Un buen montaje evita el tedio en el estreno de 'Orlando' en el Teatro Real

La vistosa puesta en escena del conocido Claus Güth, plena de referencias al cine actual, sostiene el pulso dramático de una de las óperas menos populares del siempre genial G. F. Händel

«Hacer de la necesidad virtud». Esta frase, devuelta a la prosaica actualidad de nuestros días por algún reciente aventurero de la política, la tenía bien grabada G. F. Händel desde que decidió buscarse la vida como compositor. Sajón nacido en Halle, y bien viajado por Italia en sus años de afirmación musical, cuando finalmente decidió instalarse en Inglaterra acertó con gran fortuna a complacer al público de su tiempo mediante la técnica del buen camaleón, atento siempre a las demandas de la taquilla. Hasta el punto de ser considerado, durante mucho tiempo, como su gran compositor «nacional». George Bernard Shaw, tan excelente crítico como dramaturgo, sin ir más lejos, llegó a afirmar que «si el Doctor Johnson hubiese sido compositor habría compuesto como Händel».

Pero eso fue mayormente en su última época creadora, cuando se convertiría en una «institución sagrada», según el autor de Pigmalión, venerada y reverenciada casi unánimemente por los británicos. Su enorme popularidad se cimentó en la habilidad para servir al gusto de la época, en su caso, encaminando su extraordinario ingenio a componer oratorios, grandiosos y directos, de gran poder descriptivo, murales sembrados de colores que ensalzaban las virtudes de los severos personajes del Antiguo Testamento, con su ejemplo moralizante, capaces de sobreponerse a cualquier adversidad para terminar triunfando sobre el mal en exaltaciones corales de extraordinarios sugestión, vigor y efecto.

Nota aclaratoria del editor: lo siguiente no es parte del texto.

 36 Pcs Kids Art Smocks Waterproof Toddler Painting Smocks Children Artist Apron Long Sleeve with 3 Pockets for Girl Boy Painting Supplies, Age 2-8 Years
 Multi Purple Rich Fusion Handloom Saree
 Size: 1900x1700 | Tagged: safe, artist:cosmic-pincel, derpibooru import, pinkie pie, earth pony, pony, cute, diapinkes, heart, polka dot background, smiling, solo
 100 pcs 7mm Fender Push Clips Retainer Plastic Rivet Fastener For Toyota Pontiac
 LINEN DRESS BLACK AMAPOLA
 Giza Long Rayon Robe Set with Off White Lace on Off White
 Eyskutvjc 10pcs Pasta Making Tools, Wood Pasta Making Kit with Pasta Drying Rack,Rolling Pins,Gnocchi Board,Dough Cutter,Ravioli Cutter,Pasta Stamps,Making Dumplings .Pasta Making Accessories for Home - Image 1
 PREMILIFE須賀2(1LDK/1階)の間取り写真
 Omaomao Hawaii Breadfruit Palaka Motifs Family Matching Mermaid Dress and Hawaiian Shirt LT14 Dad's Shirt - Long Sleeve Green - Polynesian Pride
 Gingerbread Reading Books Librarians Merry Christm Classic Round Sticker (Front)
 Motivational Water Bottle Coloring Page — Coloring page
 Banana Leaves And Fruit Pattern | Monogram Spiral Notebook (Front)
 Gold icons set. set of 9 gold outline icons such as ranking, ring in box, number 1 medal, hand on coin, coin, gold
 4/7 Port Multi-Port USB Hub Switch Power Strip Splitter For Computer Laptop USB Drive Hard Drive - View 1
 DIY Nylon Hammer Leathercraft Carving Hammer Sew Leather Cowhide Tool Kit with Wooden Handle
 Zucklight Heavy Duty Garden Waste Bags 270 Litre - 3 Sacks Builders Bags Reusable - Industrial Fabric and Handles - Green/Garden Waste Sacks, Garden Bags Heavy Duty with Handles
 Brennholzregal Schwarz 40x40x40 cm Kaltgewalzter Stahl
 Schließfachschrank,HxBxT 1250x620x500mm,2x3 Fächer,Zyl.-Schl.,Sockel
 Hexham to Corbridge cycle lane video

Senesino, el cotizadísimo «castrato»

Hasta entonces, su grandeza se había forjado en los escenarios teatrales londinenses, donde a partir del 1711 se instaló con éxito componiendo obras líricas a mayor gloria de los mejores cantantes de la época, portentos vocales como Senesino, que deslumbraban a los asistentes con una mezcla de pirotecnia y emociones a flor de labio como no se había escuchado hasta la fecha, por la potencia y la extensión de sus instrumentos casi «inhumanos». Para el cotizadísimo «castrato», que había decidido someterse al terrible clima de las islas a cambio del estipendio más alto para una artista de la época, Händel compuso Orlando, la ópera que ahora acaba de estrenarse en el Teatro Real madrileño.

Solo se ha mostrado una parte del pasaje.